On August 3, Prime Minister Imran Khan directed the administration of 22 ‘high-risk Districts’ to take emergency steps for the eradication of the crippling disease. These Districts included three in Punjab (Lahore, Rawalpindi and Faisalabad), eight in Sindh (all the Districts of Karachi division and Qambar), five in KP (Khyber, Bannu, Peshawar, Lakki Marwat and South Waziristan), five in Balochistan (Quetta, Pishin, Qila Abdullah, Zhob, Mastung), and the national capital, Islamabad.

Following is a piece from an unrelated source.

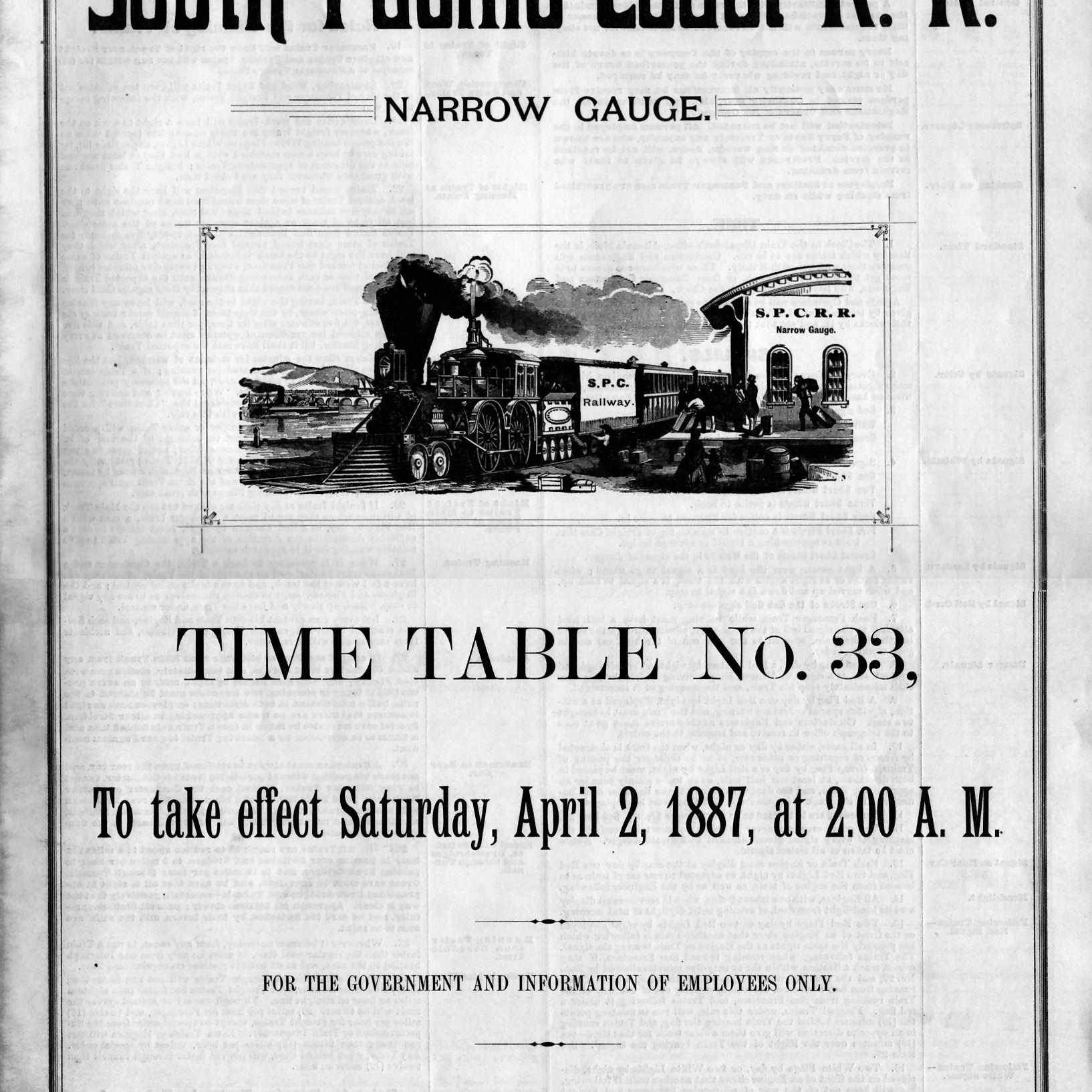 Timetable 33, April 1887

Though no terrorist group has issued any recent threat against the polio vaccination drive, it is to be noted that, on July 31, 2019, TTP had warned people against polio vaccination. The one-page message in Urdu seen by people in Miranshah, the headquarters of North Waziristan District, cautioned the public not to alow administration of polio drops to children or to be ready to ‘face dire consequences’ for their defiance. There were two Polio campaigns immediately after the July threat, in August 2019 and December 2019. A three-day campaign was conducted on August 26-28, 2019, during which no one was killed. However, during the five-day campaign conducted on December 16-20, 2019, two Policemen deployed for the security of polio teams were killed by unidentified assailants in the Maidan area of Lower Dir city (Lower Dir District) of KP on December 18. Due to the COVID-19 outbreak, all polio campaigns were suspended in the country thereafter.
Given the past trend, the onslaught against persons engaged in the current anti-polio drive was very much expected. Despite this, terrorists have succeeded in carrying out fatal attacks, targeting people engaged in such drives. This has increased fear both among polio workers as well as the general masses, who were already terrified. The fight against polio eradication will, consequently, last much longer in Pakistan.